Task statement = Copy the data below exactly, omitting any picture it contains.

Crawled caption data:
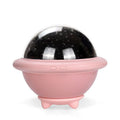 UFO-shaped LED projection night light in green, pink or white colours projecting starry sky patterns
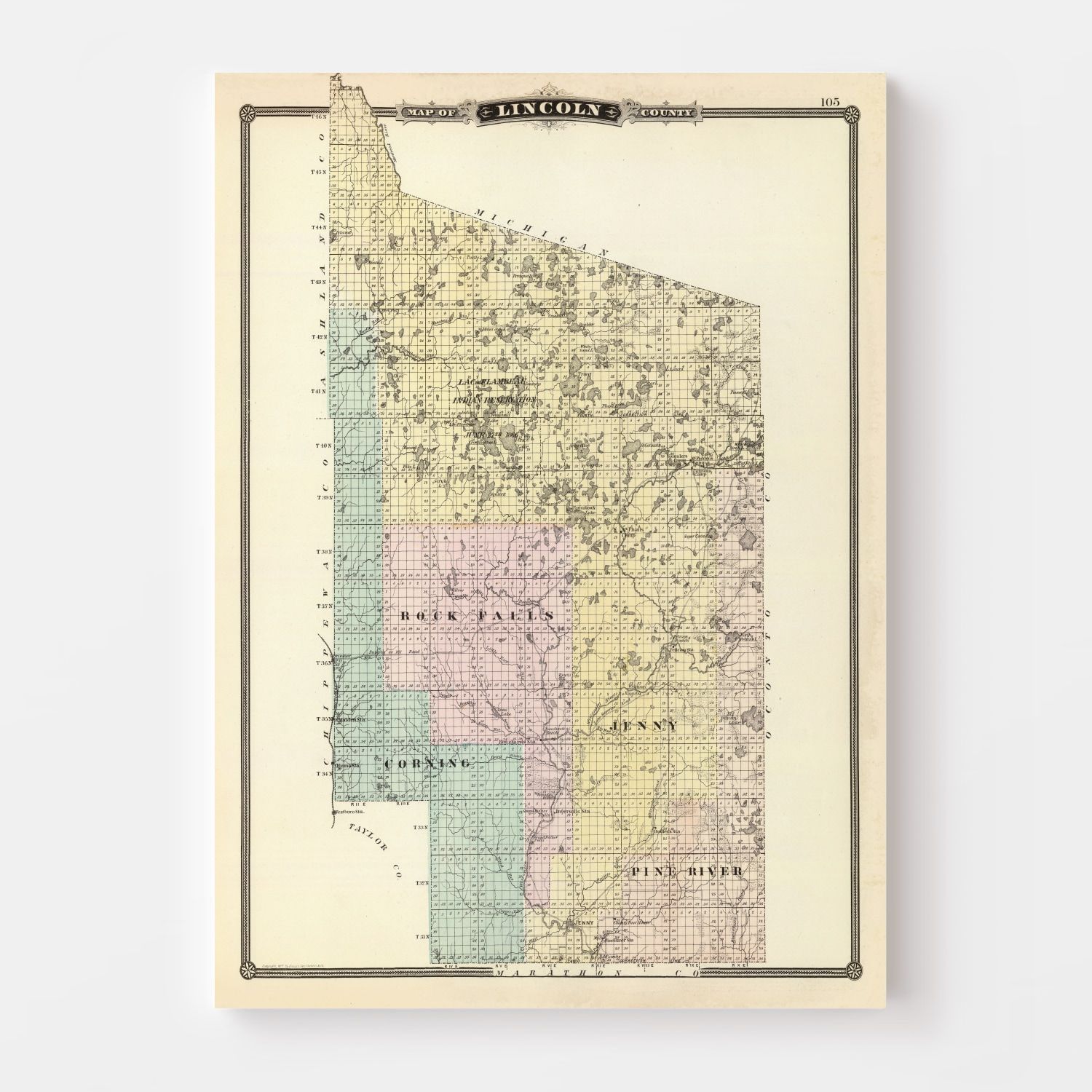Vintage Map of Lincoln County, Wisconsin 1878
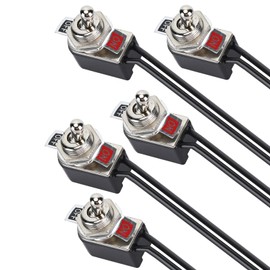 Podazz 5pcs Toggle Switch SPST 2 Position Latching ON/Off 12MM with Wire Rocker Arm Button Switch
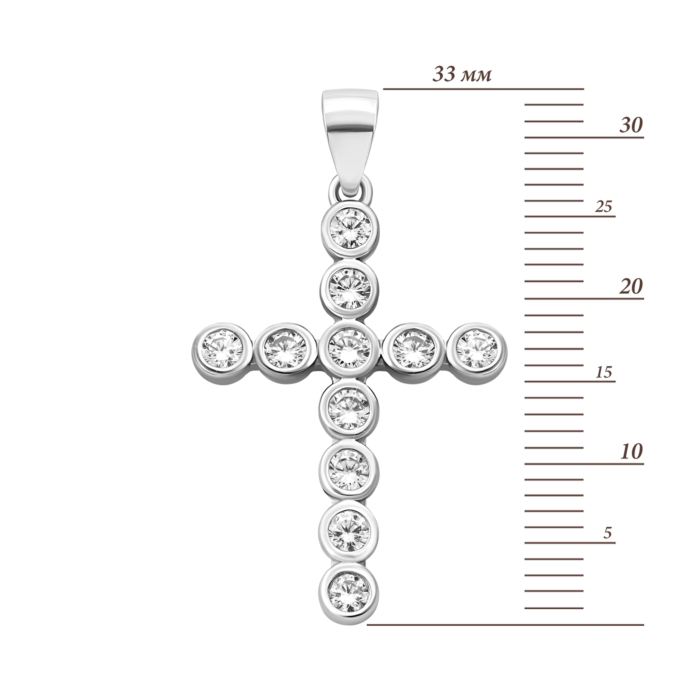 Срібний хрестик з фіанітами.Артикул UG51PE68471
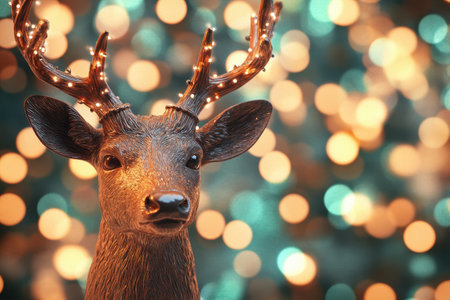 A deer head is on a table in front of a background of lights. The deer head is made of plastic and is facing the camera. The lights in the background create a warm and cozy atmosphere with Generative AIの素材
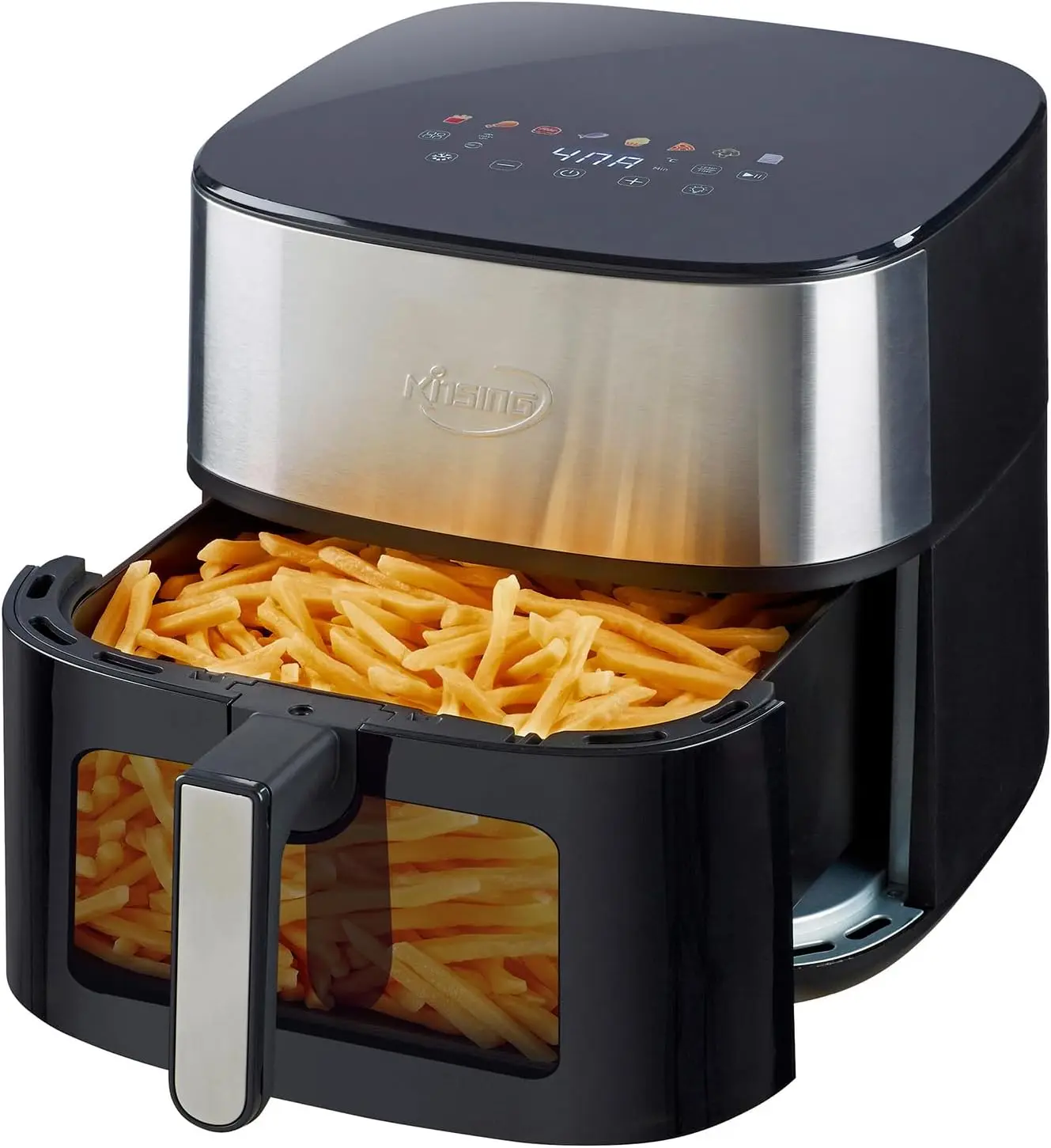 

XL 8.5 QT Air Fryer 8-in-1 with View Windows, Up to 400°F, Fast Roast, Preheat, Shake, Bake, Non-Stick Basket, 85% Less Oil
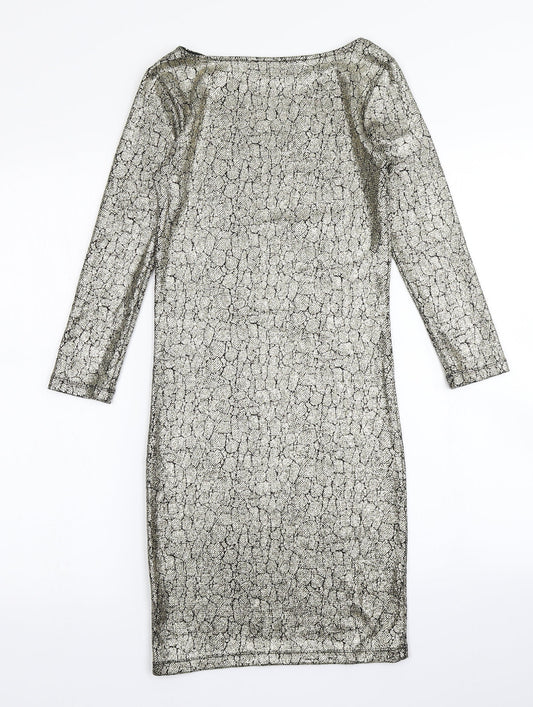 Topshop Womens Gold   Bodycon  Size 6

Response =
 UFO-shaped LED projection night light in green, pink or white colours projecting starry sky patterns
Vintage Map of Lincoln County, Wisconsin 1878
 Podazz 5pcs Toggle Switch SPST 2 Position Latching ON/Off 12MM with Wire Rocker Arm Button Switch
 Срібний хрестик з фіанітами.Артикул UG51PE68471
 A deer head is on a table in front of a background of lights. The deer head is made of plastic and is facing the camera. The lights in the background create a warm and cozy atmosphere with Generative AIの素材

XL 8.5 QT Air Fryer 8-in-1 with View Windows, Up to 400°F, Fast Roast, Preheat, Shake, Bake, Non-Stick Basket, 85% Less Oil
 Topshop Womens Gold   Bodycon  Size 6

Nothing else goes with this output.